2. Add mushrooms and garlic and sauté another 3 minutes until mushrooms are softened.

3. Add the cumin, cayenne pepper, salt and harissa paste. Sauté for 1 minute.

4. Add diced tomatoes and bring to a full boil. Cook for 10 minutes, stirring occasionally.

5. Add the chopped kale leaves. Stir well and cook for another 10 minutes.

6. Dig 4 small wells into the mixture and carefully crack an egg into each.

7. Cover the skillet and allow the eggs to cook until whites have firmed up, about 10 to 12 minutes.

8. Scoop eggs and sauce into bowls and serve with toasted bread.
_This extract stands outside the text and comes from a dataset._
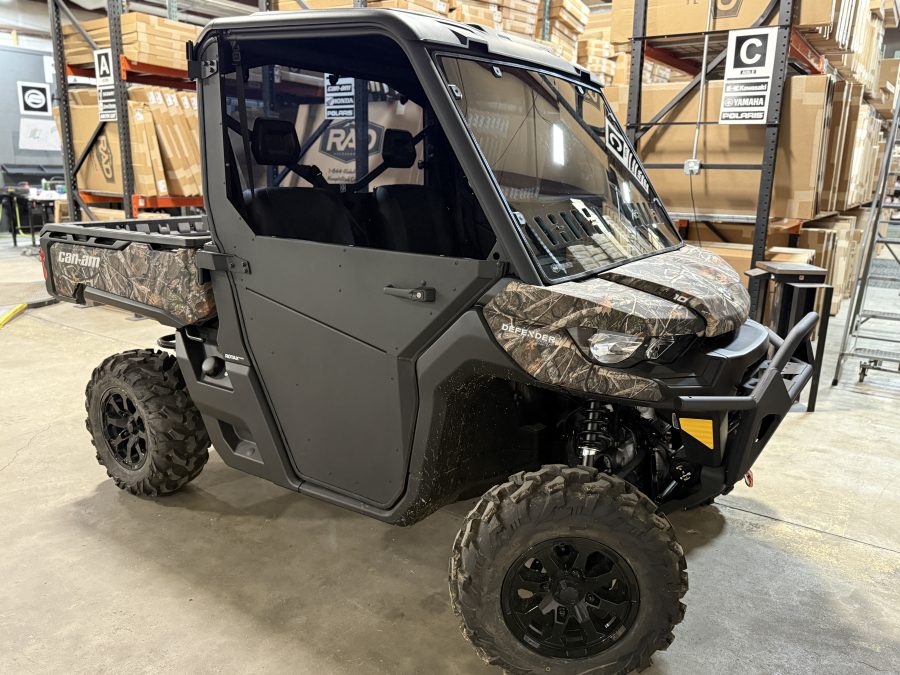 A Can-Am Defender side-by-side, equipped with the Can Am Defender Full Aluminum Door Kit (converts from full to half, 2 door), is parked indoors on concrete. Large off-road tires, a black cab, and cargo bed are visible amid warehouse shelving and boxes.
Parsnip and Rosemary Risotto

Ingredients:
8 cups vegetable broth
5 tbsp. butter
1 1/2 cups chopped onion
1 1/2 pounds parsnips (about 7 medium-sized parsnips) trimmed, cut into 1/4-inch pieces
5 tsp. chopped, fresh rosemary
1 1/2 cups (10 ounces) arborio rice
3/4 cup freshly grated Parmesan cheese
Aged balsamic vinegar (for drizzling)

Directions:
1. Bring broth to a boil in medium saucepan over high heat.

2. Reduce to low, cover and simmer.

3. Melt 4 tbsp. butter in a large, heavy saucepan over medium heat.

4. Add onion and cook until translucent, stirring often (about 10 minutes).

5. Stir in parsnips and 3 tsp. of the chopped rosemary.

6. Cook until parsnips begin to brown, stirring occasionally (about 8 minutes).

7. Add rice and stir continually for 2 minutes.

8. Add enough warm broth to cover; simmer until almost all of the broth is absorbed—stirring occasionally (aboout 6 minutes).

9. Add more broth, 1 cup at a time and cook until rice and parsnips are tender—allowing each addition of broth to be absorbed before adding the next. Stir frequently for about 20 minutes total.

10. Remove from heat; stir in remaining tablespoon of butter, remaining 2 teaspoons of rosemary and Parmesan cheese.

11. Season with salt and pepper, divide among bowls and drizzle with balsamic vinegar.